:: EXERCISE DESCRIPTION ::
The entries below contain a line with "The Lamp, 1890-1891 by Mary Cassatt" and a line with "Gala do Desporto". Quote exactly those two lines and all lines between them.

:: RECORDS PROVIDED

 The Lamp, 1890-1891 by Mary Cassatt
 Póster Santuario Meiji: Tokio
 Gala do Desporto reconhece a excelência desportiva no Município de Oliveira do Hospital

::::
:: RECORDS PROVIDED

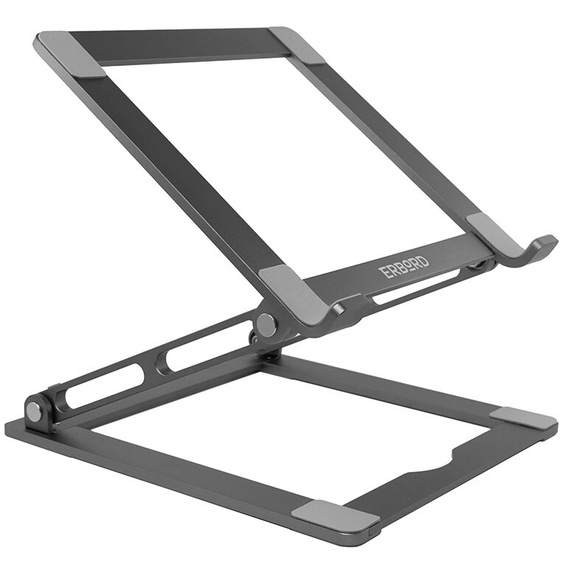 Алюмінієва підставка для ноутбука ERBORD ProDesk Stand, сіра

::::

:: SOLUTION BELOW ::
 The Lamp, 1890-1891 by Mary Cassatt
 Póster Santuario Meiji: Tokio
 Gala do Desporto reconhece a excelência desportiva no Município de Oliveira do Hospital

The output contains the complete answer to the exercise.